[Data extracted from a collection]
━━━━━━━━

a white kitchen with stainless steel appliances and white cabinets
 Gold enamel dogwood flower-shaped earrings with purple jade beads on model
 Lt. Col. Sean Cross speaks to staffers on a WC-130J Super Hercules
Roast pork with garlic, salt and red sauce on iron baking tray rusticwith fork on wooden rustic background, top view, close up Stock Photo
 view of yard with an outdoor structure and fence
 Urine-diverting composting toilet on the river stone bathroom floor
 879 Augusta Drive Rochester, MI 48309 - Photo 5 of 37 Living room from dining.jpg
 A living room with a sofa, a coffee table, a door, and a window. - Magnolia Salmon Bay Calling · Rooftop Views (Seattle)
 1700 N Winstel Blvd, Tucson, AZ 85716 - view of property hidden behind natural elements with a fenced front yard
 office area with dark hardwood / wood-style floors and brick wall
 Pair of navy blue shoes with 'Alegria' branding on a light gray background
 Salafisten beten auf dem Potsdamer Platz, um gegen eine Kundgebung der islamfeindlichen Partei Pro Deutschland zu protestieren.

━━━━━━━━

### WHAT YOU SHOULD DO
Write out once more the lines above beginning at the line with "A living room"; continue through the final line and stop there.

### EXERCISE OUTPUT
 A living room with a sofa, a coffee table, a door, and a window. - Magnolia Salmon Bay Calling · Rooftop Views (Seattle)
 1700 N Winstel Blvd, Tucson, AZ 85716 - view of property hidden behind natural elements with a fenced front yard
 office area with dark hardwood / wood-style floors and brick wall
 Pair of navy blue shoes with 'Alegria' branding on a light gray background
 Salafisten beten auf dem Potsdamer Platz, um gegen eine Kundgebung der islamfeindlichen Partei Pro Deutschland zu protestieren.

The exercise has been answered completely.